[Web page caption snippets]
*** Begin section ***

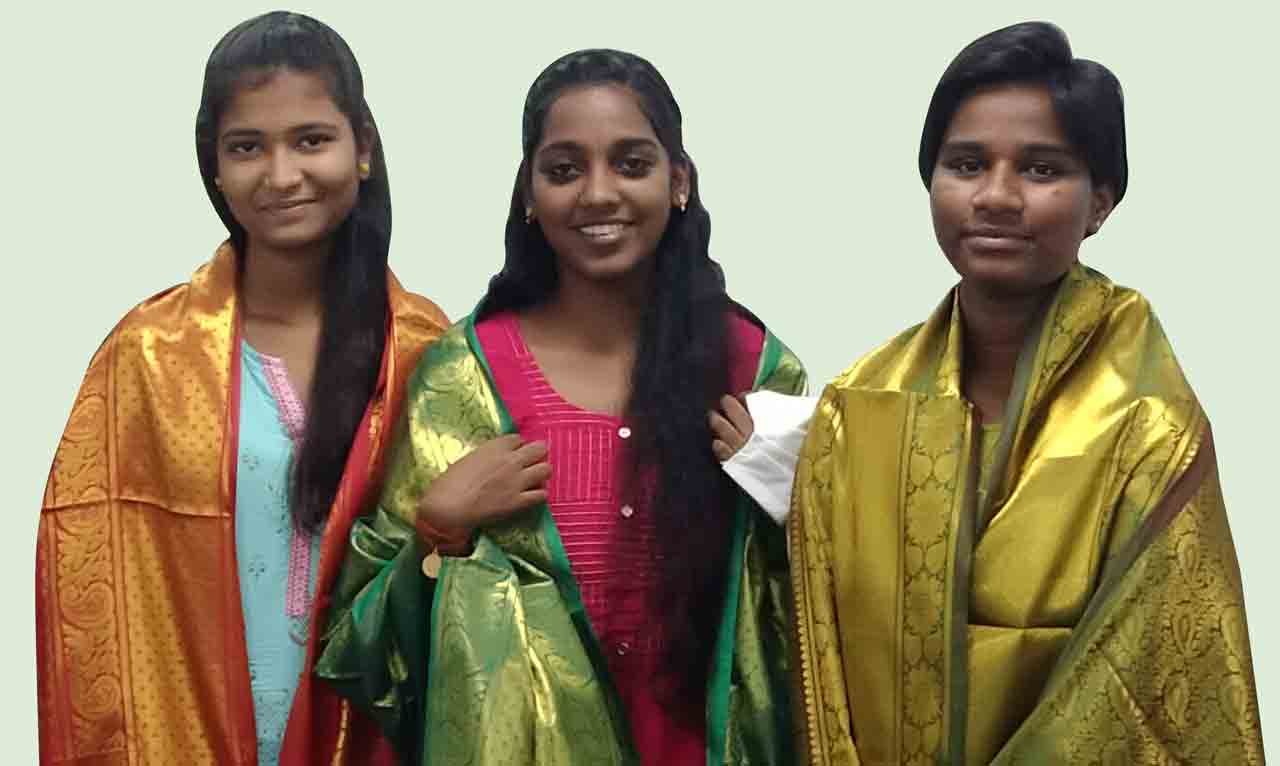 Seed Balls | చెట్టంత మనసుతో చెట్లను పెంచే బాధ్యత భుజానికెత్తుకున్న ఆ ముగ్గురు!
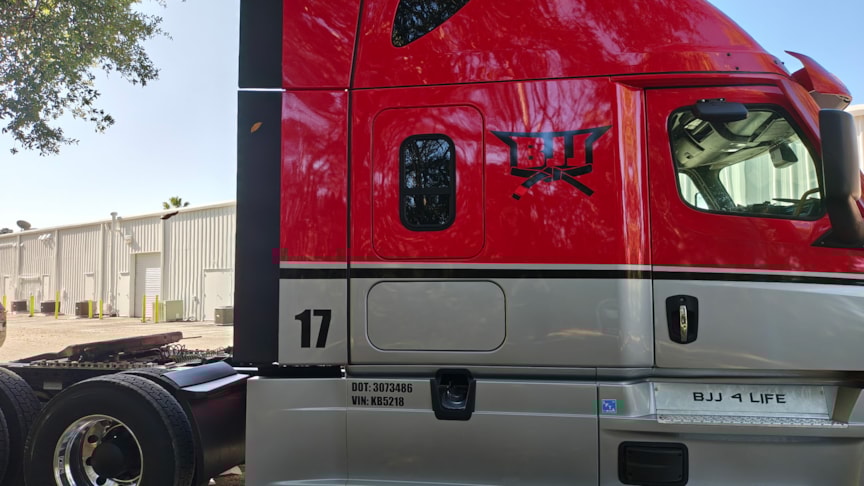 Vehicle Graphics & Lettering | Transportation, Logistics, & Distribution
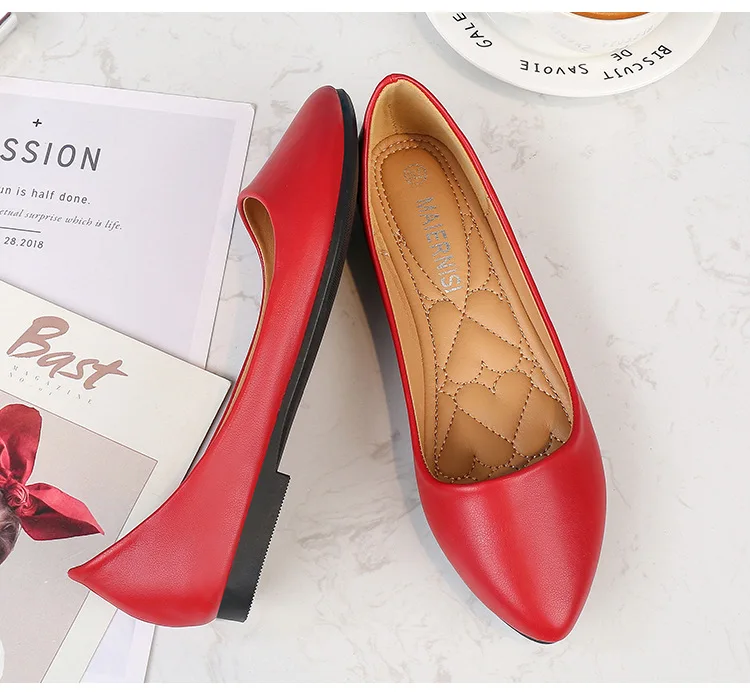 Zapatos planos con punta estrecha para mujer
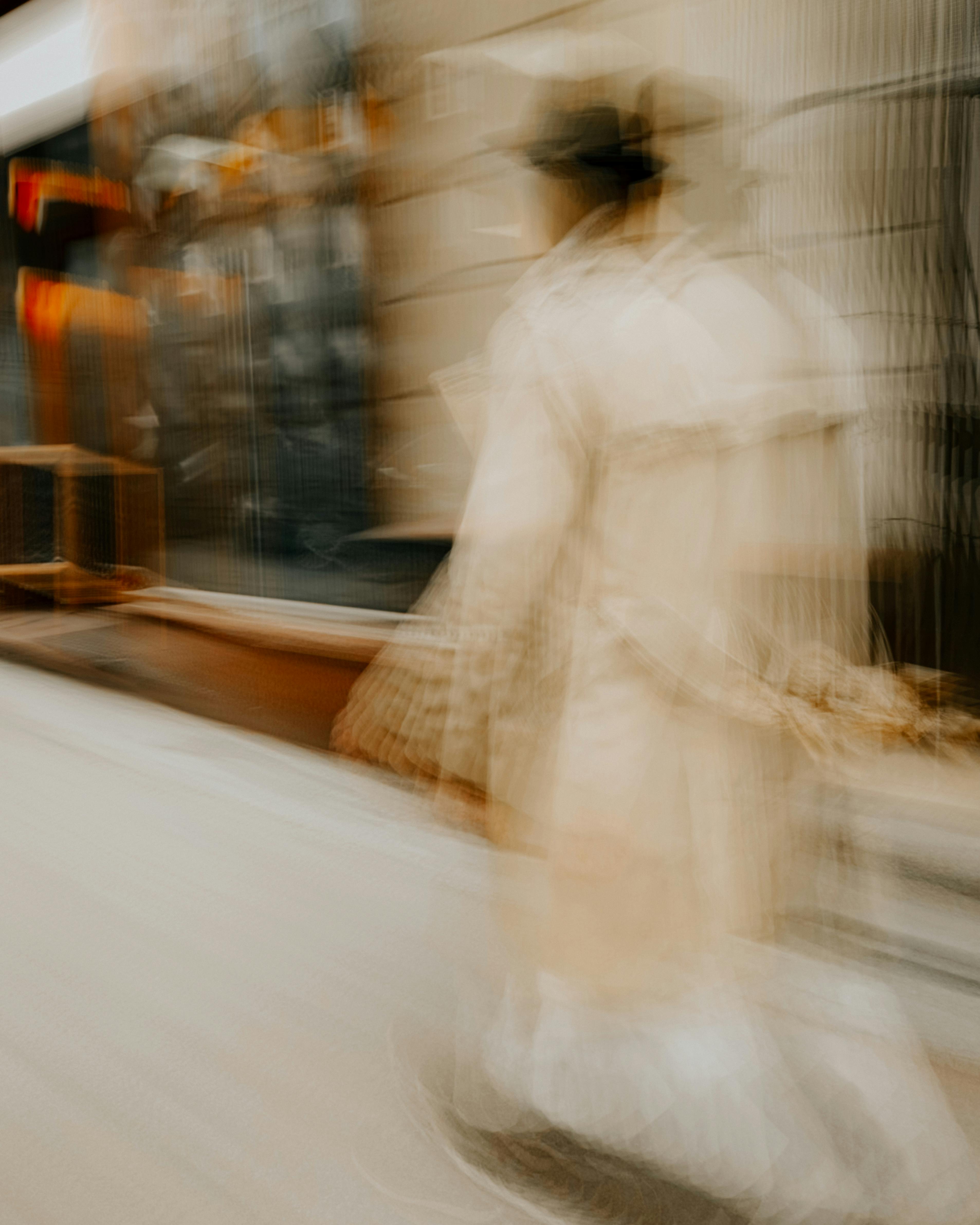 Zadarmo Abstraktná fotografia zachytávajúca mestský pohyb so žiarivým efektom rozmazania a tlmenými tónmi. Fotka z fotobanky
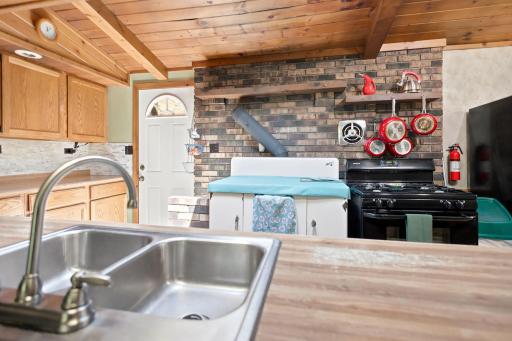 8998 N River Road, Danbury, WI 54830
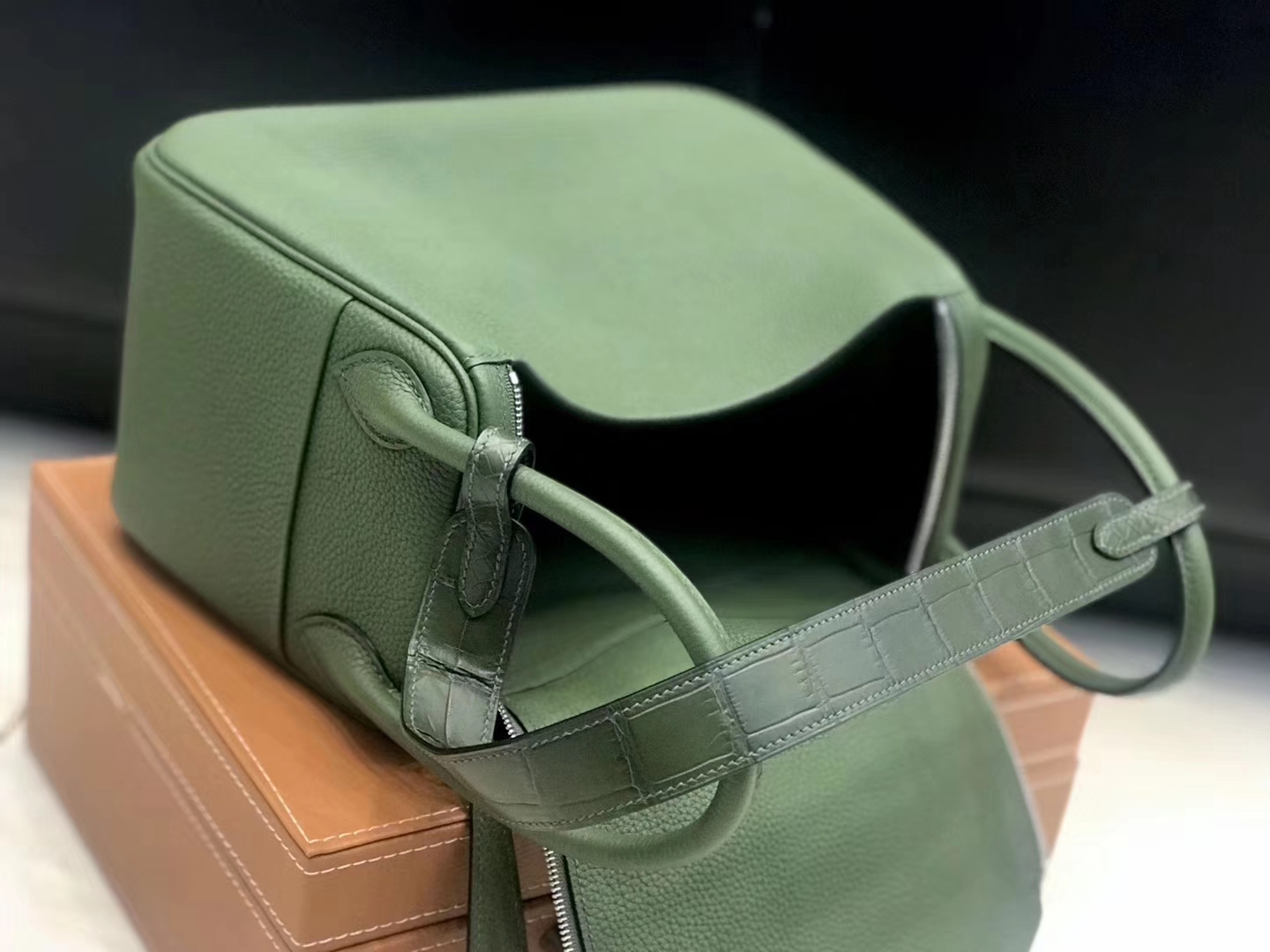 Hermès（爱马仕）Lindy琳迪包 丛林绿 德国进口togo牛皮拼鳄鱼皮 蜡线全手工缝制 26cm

*** End section ***

TASK PROMPT.
When you reach the line with "8998 N River Road, Danbury, WI 54830" in the entries above, start copying, and go on word for word to the last line; skip any picture.

COMPLETED EXERCISE.
 8998 N River Road, Danbury, WI 54830
 Hermès（爱马仕）Lindy琳迪包 丛林绿 德国进口togo牛皮拼鳄鱼皮 蜡线全手工缝制 26cm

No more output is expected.